Reputation: 75
I am trying to apply a function over each row of a DataFrame as the code shows.
using RDatasets
iris = dataset("datasets", "iris")
function mean_n_var(x)
mean1=mean([x[1], x[2], x[3], x[4]])
var1=var([x[1], x[2], x[3], x[4]])
rst=[mean1, var1]
return rst
end
mean_n_var([2,4,5,6])
for row in eachrow(iris[1:4])
println(mean_n_var(convert(Array, row)))
end
However, instead of printing results, I'd like to save them in an array or another DataFrame.
Thanks in advance.
Upvotes: 4
Views: 761
Reputation: 69899
I thought it is worth to mention some more options available over what was already mentioned.

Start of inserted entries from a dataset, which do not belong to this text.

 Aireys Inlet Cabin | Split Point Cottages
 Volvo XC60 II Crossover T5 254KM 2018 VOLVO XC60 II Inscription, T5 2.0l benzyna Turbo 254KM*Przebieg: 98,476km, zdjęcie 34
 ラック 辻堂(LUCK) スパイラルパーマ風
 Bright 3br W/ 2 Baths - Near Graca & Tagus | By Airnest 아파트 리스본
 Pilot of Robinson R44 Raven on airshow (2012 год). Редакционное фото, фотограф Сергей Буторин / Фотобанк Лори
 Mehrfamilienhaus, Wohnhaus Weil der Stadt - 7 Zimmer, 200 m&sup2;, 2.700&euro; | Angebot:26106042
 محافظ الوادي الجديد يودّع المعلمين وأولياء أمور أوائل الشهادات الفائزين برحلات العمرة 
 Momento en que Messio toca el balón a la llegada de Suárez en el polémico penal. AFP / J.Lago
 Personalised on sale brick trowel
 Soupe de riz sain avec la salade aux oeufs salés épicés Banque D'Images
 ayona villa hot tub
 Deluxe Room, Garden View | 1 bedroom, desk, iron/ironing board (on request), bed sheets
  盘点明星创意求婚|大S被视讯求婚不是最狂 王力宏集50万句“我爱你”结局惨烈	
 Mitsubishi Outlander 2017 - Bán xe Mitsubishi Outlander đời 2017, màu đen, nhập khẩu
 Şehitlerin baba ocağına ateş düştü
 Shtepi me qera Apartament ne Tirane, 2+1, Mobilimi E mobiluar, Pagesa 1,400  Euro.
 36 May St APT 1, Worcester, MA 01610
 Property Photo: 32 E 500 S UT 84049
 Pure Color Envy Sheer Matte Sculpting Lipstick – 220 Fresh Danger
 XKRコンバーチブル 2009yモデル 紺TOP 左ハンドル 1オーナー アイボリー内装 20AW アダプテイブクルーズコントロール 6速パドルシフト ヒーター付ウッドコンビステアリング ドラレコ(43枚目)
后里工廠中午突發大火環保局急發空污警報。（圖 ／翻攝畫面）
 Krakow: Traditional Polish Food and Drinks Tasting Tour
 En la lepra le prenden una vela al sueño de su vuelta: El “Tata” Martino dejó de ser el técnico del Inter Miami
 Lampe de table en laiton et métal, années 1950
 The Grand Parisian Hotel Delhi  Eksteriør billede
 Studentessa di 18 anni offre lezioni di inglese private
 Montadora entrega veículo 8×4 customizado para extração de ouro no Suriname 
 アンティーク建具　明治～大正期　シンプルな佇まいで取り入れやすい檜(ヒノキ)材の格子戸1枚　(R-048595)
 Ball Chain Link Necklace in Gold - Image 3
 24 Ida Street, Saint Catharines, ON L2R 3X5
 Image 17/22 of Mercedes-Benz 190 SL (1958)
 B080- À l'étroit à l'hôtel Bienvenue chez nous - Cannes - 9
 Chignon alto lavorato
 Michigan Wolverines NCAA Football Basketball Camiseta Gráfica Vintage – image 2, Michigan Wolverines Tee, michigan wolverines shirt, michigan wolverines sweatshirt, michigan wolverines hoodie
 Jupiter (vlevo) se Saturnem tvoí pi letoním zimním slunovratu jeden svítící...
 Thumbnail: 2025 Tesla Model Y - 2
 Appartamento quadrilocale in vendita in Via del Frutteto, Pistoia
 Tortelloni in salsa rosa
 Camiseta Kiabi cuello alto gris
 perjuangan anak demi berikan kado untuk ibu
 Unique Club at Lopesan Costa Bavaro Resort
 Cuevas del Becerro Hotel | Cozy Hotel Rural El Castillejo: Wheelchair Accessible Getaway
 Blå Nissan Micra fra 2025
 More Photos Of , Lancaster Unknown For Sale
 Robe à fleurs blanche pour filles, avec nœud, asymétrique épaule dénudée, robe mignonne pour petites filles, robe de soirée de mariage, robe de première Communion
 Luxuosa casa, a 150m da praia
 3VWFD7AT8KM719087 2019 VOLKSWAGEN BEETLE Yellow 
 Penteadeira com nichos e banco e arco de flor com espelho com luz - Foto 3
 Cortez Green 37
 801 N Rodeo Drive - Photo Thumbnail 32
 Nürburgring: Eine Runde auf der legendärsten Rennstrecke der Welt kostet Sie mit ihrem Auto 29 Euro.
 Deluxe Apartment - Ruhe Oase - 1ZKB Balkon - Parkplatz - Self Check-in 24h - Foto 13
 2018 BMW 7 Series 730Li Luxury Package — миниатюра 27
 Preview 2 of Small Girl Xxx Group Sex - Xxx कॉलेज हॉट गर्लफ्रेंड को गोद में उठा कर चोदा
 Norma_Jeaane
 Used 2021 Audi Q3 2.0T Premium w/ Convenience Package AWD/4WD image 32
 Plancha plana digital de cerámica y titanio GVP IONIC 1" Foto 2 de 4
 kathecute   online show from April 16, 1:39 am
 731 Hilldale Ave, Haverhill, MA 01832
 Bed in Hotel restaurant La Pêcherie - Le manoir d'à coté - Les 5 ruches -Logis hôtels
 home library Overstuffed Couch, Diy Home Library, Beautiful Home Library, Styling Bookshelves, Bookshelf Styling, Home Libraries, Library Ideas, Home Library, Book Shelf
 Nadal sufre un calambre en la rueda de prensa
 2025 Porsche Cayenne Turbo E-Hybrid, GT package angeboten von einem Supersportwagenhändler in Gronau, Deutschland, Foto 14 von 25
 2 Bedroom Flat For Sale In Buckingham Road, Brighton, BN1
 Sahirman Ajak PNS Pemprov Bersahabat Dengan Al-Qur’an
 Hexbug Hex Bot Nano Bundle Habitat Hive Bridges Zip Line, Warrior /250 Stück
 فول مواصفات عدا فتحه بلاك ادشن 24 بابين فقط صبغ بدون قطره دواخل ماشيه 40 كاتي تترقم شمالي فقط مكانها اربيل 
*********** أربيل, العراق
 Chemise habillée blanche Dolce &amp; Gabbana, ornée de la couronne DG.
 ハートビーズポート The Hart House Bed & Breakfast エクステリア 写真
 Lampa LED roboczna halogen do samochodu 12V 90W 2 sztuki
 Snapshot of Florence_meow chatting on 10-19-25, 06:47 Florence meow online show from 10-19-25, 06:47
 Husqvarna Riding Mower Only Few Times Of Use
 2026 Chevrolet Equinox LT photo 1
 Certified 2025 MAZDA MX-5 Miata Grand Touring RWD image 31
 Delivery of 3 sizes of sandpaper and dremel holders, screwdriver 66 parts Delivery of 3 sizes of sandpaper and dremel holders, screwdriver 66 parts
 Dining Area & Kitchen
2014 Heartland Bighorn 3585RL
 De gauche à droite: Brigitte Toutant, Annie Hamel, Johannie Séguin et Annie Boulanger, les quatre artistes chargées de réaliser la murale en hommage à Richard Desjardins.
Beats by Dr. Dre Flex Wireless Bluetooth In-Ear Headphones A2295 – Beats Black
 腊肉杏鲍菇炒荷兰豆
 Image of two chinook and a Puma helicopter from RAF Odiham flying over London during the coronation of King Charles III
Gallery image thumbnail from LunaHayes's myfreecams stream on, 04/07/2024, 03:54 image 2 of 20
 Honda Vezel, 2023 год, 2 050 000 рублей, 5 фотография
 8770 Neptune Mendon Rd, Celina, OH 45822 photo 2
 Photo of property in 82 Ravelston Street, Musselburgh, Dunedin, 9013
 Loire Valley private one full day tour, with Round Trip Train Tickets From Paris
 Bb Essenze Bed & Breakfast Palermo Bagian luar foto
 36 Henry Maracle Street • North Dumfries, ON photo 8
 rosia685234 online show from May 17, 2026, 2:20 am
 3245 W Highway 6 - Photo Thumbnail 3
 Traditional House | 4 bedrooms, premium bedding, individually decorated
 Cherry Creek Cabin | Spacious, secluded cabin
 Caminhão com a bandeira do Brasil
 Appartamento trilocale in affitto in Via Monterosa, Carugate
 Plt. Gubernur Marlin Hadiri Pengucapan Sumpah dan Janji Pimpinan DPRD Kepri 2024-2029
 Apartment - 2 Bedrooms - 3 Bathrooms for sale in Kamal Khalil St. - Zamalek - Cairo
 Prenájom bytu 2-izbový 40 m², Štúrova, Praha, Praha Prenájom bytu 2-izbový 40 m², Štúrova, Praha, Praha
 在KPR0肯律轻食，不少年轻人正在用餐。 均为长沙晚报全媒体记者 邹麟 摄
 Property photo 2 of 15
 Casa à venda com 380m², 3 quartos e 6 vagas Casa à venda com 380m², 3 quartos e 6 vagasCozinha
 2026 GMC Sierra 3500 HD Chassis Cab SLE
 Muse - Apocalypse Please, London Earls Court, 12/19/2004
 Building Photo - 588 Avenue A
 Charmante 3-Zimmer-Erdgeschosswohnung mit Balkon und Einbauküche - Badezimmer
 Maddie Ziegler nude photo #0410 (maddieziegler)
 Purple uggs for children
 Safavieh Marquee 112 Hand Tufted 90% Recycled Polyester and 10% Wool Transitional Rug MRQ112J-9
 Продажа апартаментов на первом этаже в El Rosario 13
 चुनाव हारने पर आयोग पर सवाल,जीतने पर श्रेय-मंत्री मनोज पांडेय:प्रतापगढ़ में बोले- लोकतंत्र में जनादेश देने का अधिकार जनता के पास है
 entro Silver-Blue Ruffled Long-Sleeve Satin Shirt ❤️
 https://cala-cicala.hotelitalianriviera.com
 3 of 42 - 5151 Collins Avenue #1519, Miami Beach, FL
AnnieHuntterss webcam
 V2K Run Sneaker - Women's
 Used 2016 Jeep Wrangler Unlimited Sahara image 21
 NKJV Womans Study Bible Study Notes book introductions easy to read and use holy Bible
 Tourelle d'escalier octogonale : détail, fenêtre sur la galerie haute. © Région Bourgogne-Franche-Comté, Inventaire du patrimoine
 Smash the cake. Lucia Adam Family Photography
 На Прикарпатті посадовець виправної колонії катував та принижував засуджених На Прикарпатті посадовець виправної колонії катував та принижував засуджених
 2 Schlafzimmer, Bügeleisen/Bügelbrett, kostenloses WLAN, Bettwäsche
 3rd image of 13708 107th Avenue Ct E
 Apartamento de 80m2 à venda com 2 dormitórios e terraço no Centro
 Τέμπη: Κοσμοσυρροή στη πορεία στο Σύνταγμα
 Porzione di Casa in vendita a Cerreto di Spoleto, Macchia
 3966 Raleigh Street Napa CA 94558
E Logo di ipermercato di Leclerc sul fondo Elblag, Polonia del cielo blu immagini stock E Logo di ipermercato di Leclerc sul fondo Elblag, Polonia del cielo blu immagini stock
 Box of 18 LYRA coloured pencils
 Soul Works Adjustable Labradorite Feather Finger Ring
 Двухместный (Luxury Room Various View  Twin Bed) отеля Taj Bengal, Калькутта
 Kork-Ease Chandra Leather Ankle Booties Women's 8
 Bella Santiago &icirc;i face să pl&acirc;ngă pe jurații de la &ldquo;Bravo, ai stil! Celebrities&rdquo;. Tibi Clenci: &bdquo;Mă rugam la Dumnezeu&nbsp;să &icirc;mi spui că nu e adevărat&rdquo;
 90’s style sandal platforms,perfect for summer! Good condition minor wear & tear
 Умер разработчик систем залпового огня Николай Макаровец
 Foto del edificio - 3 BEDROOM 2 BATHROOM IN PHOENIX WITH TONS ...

I assume you want a Matrix
or a DataFrame
. There are several possible approaches.
First is the most direct to get a Matrix
:
mean_n_var(a) = [mean(a), var(a)]
hcat((mean_n_var(Array(x)) for x in eachrow(iris[1:4]))...) # rows
vcat((mean_n_var(Array(x)).' for x in eachrow(iris[1:4]))...) # cols
another possible approach is vectorized, e.g.:
mat_iris = Matrix(iris[1:4])
mat = hcat(mean(mat_iris, 2), var(mat_iris, 2))
df = DataFrame([vec(f(mat_iris, 2)) for f in [mean,var]], [:mean, :var])
DataFrame(mat) # this constructor also accepts variable names on master but is not released yet
Upvotes: 3